### Exercise instructions
Only one portion of the data is to be written out: from the line bearing "Rabbit Anti-Goat IgG antibody. GTX77193" through the line bearing "Elab Fluor® 700". Write it exactly as it appears.

### Entries supplied
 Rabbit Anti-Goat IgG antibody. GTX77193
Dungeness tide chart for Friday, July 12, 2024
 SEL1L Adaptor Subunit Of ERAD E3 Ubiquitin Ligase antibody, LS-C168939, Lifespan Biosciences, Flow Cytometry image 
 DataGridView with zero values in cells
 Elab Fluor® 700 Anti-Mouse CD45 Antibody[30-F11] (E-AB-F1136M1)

==

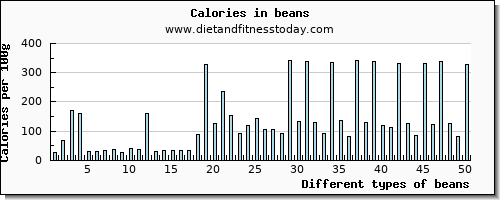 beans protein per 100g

...

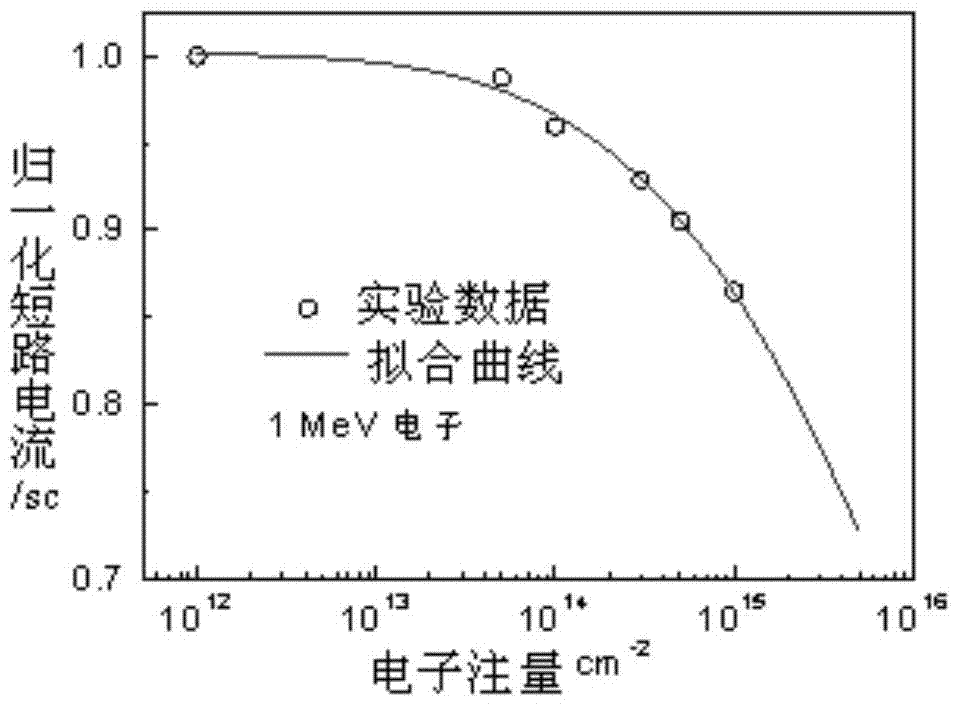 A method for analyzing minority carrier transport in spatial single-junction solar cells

### Output for this exercise
 Rabbit Anti-Goat IgG antibody. GTX77193
Dungeness tide chart for Friday, July 12, 2024
 SEL1L Adaptor Subunit Of ERAD E3 Ubiquitin Ligase antibody, LS-C168939, Lifespan Biosciences, Flow Cytometry image 
 DataGridView with zero values in cells
 Elab Fluor® 700 Anti-Mouse CD45 Antibody[30-F11] (E-AB-F1136M1)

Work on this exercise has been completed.